For decades, private issuers have been prohibited from publicly passing the hat. That’s why you’ve never seen advertisements for shares in hot new tech startups or venture capital funds. It’s also why so many private company CEOs refuse to discuss fundraising while on television or on a conference stage. Protecting grandma from con artists has outweighed helping new companies find investors.
The one exception to all of this has been “demo days” — events that many startups consider to be their cotillions. They get 10 or 15 minutes to explain their product to a large in-person audience, usually in the hopes of securing investment interest. In many cases, funding goals are made explicit.
Such solicitation is obviously in violation of SEC policy, but the Agency has historically turned a blind eye. In fact, I can’t find a single instance in which the Agency has taken action against either a demo day organizer or presenter.
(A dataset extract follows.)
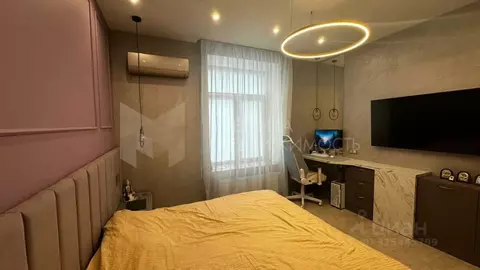 2-к кв. Тюменская область, Тюмень ул. Николая Семенова, 19 (68.3 м)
But now things are about to change.
Last year’s federal JOBS Act did away with the general solicitation ban, and earlier this summer the SEC codified the legislation — saying that private issuers would be free to generally solicit come this Monday, September 23. The only new requirement would be that issuers would need to verify that investors are accredited (for individual investors, that means net worth in excess of $1 million and/or annual income in excess of $200,000). In other words, investors would have to submit documentation like W-2 forms, rather than just check a box affirming that they meet the standard.
On the surface, this seems great for demo days. They can proceed with business as usual, without even the faintest threat of regulatory scrutiny. Just make sure the participating startups acknowledge that they are generally soliciting, when it comes time to file the appropriate SEC paperwork.
The problem, however, is that the SEC also proposed a bunch of other rules that could make life both difficult and expensive for general soliciters. For example, such issuers would be required to file a Form D with the SEC at least 15 days prior to the beginning of general solicitation, and also file an amended Form D within 30 days after the offering is terminated (either because it closed successfully or was abandoned). And Failure to do so could cause the SEC to ban them from subsequent securities issuance for a year or more.
These extra rules are not yet law — the comment period remains open — and may get watered down before a final vote (after which those already in the midst of general solicitation will be “transitioned” to the new scheme).
But what happens if next week’s demo day participants acknowledge that they are general soliciters, and then the full spate of new rules is enacted? It’s hard to imagine that future demo day participants could just return to the good old days of pretending they aren’t generally soliciting, so as to avoid the new burdens. Once that bell has been rung, the SEC will hear it.
So how should demo day organizers continue to run their events, while allowing all participants the utmost flexibility?
The answer may be to insist that presenters not discuss investments or capital requirements from the stage. After all, the started purpose of these events was to demonstrate new technologies, not demonstrate ROI potential. If investors want to pull them aside afterward, so be it.
Sure everyone in the crowd will know why the startup is really there, but it’s plausible deniability for everyone. The company, the investors and the SEC.